In [1]:
import pandas as pd
import numpy as np
from sklearn.linear_model import LinearRegression as LR

### Start with some simple data about houses (with their prices)

In [2]:
houses = pd.DataFrame({
    'bedrooms':[1,2,3,4,5],
    'bathrooms':[1,1,2,2,3],
    'sqft':[700,1000,1300,1700,2200],
    'price':[99500, 117000, 136500, 156500, 181000]
})
houses

Unnamed: 0,bedrooms,bathrooms,sqft,price
0,1,1,700,99500
1,2,1,1000,117000
2,3,2,1300,136500
3,4,2,1700,156500
4,5,3,2200,181000


### Make a very simple linear model

In [3]:
model = LR().fit(houses.iloc[:,:-1],houses['price'])

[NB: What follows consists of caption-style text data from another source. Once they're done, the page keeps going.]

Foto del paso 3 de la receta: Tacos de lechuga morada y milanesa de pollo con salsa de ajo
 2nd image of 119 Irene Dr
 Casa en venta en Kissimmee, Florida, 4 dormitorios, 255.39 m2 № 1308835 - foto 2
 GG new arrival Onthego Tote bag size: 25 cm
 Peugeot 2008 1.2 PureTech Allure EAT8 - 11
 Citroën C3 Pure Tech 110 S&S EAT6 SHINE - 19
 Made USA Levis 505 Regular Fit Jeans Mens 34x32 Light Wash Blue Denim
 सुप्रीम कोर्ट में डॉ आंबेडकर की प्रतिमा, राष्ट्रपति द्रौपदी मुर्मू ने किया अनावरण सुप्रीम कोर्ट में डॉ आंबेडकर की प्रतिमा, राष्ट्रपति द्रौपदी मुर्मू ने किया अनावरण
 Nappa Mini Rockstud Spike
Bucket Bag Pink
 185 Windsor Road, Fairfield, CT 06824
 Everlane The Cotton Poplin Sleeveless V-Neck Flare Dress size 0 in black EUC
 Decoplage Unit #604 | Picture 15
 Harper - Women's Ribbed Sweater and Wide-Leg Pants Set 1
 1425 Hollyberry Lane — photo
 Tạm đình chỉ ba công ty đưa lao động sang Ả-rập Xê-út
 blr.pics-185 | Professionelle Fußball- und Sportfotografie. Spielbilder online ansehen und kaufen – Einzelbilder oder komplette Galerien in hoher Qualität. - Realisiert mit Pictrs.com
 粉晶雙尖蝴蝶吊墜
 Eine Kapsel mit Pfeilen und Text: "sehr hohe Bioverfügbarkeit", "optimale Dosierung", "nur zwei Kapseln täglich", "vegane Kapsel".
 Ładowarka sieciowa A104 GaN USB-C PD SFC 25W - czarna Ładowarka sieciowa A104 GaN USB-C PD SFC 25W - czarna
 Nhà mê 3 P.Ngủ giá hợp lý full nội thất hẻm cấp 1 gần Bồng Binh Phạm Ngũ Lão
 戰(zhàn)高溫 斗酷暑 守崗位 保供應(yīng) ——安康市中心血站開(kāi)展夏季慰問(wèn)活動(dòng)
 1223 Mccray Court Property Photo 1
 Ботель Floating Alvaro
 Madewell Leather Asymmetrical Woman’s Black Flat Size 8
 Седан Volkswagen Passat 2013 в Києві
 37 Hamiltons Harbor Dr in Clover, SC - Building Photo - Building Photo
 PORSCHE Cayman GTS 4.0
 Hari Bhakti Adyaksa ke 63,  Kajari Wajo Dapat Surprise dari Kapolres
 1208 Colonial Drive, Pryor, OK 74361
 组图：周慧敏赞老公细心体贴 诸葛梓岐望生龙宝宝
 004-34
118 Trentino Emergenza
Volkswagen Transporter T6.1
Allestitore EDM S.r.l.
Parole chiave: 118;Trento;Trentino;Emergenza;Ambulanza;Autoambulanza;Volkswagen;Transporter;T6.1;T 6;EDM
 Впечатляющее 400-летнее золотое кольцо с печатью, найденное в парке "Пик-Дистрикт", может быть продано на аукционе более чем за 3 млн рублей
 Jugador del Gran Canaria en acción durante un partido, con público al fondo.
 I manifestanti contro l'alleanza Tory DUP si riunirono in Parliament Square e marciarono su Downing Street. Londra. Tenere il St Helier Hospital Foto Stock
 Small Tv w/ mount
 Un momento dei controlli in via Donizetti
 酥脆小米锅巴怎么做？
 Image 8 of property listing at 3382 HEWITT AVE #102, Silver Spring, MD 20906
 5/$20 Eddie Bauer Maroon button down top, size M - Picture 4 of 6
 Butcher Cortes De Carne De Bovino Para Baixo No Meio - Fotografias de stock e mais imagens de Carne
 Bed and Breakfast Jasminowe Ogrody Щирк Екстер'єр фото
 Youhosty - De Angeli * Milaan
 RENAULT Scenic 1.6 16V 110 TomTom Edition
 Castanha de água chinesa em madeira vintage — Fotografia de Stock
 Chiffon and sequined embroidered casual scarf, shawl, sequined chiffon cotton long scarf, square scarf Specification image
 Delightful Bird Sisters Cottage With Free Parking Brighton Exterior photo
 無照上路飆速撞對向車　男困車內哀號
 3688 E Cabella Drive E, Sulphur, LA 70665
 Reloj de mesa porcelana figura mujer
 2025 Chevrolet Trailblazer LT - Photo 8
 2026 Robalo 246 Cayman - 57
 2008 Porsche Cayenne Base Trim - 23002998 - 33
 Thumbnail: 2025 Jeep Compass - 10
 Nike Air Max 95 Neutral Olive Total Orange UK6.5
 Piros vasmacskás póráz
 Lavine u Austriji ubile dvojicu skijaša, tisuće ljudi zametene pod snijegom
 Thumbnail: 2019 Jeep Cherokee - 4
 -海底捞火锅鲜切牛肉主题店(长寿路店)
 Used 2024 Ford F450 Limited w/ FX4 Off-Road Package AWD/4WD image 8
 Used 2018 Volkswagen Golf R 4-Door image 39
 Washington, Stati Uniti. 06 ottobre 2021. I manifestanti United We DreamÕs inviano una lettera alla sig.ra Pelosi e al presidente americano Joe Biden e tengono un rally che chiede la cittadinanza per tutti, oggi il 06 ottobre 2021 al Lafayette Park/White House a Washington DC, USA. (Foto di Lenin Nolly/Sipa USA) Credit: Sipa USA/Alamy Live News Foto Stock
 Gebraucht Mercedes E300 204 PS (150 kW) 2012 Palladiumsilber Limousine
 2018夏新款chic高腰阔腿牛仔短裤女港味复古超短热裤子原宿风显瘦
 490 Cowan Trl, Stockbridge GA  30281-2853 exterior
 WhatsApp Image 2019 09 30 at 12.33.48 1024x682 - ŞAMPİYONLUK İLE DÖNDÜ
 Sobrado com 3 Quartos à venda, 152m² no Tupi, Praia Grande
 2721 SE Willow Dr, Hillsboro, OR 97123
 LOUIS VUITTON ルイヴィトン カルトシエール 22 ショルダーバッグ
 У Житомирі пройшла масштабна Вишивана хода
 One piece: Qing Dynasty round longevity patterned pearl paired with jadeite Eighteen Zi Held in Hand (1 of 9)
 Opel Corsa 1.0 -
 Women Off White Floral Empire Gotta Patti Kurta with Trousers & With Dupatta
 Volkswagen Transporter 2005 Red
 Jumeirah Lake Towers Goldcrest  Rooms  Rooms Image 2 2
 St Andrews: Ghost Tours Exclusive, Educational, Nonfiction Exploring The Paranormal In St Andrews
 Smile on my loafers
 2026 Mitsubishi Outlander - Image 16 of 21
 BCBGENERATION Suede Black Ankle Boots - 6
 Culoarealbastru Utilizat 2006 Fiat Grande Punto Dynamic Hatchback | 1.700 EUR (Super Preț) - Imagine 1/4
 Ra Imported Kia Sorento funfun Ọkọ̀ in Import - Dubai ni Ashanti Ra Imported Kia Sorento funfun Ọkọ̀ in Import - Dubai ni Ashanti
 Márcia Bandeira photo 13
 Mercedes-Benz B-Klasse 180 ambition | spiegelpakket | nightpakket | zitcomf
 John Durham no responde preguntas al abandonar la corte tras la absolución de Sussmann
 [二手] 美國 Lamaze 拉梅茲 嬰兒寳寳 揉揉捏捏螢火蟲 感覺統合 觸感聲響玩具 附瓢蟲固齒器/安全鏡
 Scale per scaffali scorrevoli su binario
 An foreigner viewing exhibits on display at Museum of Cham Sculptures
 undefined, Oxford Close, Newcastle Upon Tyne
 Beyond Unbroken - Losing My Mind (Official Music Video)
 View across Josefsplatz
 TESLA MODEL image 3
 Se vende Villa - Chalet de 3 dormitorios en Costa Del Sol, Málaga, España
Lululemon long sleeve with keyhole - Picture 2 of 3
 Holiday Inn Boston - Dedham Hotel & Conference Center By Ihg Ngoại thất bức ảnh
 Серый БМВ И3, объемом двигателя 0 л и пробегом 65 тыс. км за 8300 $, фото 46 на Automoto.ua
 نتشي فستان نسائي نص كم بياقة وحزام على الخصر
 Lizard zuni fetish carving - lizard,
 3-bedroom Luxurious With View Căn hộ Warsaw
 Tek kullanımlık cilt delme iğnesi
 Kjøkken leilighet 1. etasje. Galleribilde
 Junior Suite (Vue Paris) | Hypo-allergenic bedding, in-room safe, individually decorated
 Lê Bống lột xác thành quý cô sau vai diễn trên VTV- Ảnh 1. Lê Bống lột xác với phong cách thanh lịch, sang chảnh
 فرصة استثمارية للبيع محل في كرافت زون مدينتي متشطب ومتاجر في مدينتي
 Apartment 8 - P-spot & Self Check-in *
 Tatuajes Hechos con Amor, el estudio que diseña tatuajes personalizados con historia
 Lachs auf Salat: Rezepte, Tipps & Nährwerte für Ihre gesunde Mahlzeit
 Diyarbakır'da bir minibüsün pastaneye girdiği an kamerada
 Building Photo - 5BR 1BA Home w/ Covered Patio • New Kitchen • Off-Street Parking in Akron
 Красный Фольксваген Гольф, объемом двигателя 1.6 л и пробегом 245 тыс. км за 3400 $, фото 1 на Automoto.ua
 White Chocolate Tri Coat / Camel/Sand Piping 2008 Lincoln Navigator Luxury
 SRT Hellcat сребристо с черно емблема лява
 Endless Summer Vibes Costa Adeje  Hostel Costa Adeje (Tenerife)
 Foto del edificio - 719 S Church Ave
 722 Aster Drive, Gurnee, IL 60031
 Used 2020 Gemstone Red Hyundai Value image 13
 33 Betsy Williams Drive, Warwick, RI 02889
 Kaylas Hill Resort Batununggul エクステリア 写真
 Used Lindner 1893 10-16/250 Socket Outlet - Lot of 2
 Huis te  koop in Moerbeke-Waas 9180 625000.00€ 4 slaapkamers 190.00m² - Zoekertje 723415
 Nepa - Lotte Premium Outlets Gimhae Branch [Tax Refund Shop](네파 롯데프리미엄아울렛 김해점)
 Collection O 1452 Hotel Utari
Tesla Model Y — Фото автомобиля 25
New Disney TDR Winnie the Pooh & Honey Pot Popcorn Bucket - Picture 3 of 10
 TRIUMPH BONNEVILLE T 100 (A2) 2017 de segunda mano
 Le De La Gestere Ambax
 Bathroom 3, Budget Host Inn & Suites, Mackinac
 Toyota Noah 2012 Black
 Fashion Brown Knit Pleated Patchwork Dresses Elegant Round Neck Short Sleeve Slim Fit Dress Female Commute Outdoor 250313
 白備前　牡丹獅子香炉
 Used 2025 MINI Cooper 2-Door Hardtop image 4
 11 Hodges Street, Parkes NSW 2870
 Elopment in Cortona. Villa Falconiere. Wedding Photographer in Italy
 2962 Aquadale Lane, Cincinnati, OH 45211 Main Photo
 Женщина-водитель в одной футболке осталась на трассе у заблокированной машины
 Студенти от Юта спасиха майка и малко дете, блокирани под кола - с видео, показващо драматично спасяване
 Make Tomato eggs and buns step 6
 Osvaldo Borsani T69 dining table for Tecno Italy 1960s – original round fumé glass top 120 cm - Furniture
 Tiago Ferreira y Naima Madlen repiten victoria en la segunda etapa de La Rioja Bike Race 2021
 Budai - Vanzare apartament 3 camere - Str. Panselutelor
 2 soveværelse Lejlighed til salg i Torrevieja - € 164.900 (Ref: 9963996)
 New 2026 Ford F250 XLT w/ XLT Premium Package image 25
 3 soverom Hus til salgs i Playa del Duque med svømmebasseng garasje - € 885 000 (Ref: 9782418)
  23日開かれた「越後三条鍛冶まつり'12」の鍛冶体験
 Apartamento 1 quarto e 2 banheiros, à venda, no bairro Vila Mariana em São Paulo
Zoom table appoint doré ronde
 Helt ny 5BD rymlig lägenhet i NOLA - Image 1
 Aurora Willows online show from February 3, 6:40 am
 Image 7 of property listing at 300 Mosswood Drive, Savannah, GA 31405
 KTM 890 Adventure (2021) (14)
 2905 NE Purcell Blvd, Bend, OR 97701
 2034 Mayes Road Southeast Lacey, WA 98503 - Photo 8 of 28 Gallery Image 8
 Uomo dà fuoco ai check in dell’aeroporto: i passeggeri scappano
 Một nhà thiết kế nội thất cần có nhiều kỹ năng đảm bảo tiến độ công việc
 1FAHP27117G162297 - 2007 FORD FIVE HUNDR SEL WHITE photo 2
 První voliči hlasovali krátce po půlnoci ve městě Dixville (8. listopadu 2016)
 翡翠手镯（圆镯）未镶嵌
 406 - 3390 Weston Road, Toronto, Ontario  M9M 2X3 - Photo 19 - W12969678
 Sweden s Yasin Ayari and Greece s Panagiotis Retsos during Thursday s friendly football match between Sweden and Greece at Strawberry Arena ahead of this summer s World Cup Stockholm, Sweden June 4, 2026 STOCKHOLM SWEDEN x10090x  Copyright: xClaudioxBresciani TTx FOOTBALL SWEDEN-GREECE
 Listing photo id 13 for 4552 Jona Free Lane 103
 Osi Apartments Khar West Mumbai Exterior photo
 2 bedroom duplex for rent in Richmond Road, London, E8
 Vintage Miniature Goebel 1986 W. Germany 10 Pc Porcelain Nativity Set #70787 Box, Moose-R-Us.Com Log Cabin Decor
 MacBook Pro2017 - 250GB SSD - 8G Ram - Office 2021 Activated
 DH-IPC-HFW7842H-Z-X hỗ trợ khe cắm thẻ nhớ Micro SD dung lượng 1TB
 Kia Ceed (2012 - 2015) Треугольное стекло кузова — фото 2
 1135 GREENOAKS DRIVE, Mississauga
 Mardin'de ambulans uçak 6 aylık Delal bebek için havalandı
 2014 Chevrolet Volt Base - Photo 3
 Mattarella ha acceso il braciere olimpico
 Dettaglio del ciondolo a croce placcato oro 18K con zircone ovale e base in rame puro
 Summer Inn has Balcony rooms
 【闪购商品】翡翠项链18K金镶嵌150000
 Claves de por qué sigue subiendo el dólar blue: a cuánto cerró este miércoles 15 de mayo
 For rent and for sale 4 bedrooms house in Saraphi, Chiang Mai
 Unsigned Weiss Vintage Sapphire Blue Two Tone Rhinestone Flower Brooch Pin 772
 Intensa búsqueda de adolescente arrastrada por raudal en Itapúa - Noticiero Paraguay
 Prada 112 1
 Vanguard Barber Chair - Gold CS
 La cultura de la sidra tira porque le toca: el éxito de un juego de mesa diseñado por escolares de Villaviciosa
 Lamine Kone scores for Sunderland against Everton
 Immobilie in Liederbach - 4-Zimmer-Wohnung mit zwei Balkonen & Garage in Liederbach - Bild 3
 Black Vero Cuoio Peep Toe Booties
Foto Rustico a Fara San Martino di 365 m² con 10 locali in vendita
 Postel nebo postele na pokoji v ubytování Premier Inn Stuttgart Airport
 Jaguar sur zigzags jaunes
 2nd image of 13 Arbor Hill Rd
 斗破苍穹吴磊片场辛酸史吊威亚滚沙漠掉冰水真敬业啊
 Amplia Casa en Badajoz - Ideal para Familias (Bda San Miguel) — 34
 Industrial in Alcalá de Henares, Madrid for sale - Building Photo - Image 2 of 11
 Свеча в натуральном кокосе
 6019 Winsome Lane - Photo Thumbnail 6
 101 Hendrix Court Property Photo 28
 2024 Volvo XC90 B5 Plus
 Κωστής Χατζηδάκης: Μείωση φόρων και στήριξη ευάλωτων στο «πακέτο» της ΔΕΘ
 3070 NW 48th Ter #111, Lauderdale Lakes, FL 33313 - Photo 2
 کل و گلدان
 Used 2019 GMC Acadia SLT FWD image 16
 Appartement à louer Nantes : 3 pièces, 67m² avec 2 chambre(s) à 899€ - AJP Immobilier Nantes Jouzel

### The intercept: $\beta_0$

#### What does $\beta_0$ represent?

In [4]:
model.intercept_

70000.00000000036

### The coeficients: $\overrightarrow{\beta}$

#### What is $\overrightarrow{\beta}$?
#### How many elements in $\overrightarrow{\beta}$?
#### What does each element in $\overrightarrow{\beta}$ represent?

In [5]:
model.coef_

array([10000.,  2000.,    25.])

### Let's make a new house and make a prediction of its price:

In [6]:
new_house = np.array([[4,3,1800]])

#### The model predicts using the `.predict()` method

In [7]:
model_prediction = model.predict(new_house)
model_prediction

array([161000.])

#### We can make the same prediction using the dot product:

$\hat{y} = \beta_0+{\overrightarrow\beta}\cdot{\overrightarrow x}$

In [8]:
dot_product_prediction = model.intercept_ + new_house @ model.coef_
dot_product_prediction

array([161000.])

In [10]:
print(model_prediction == dot_product_prediction

[ True]


## Conclusion:

#### A model is *fit* when we have determined a set of values $\beta_0$ and ${\overrightarrow\beta}$ that can be used to make predictions.

## Question:

#### How do we know when we've picked the right set of values?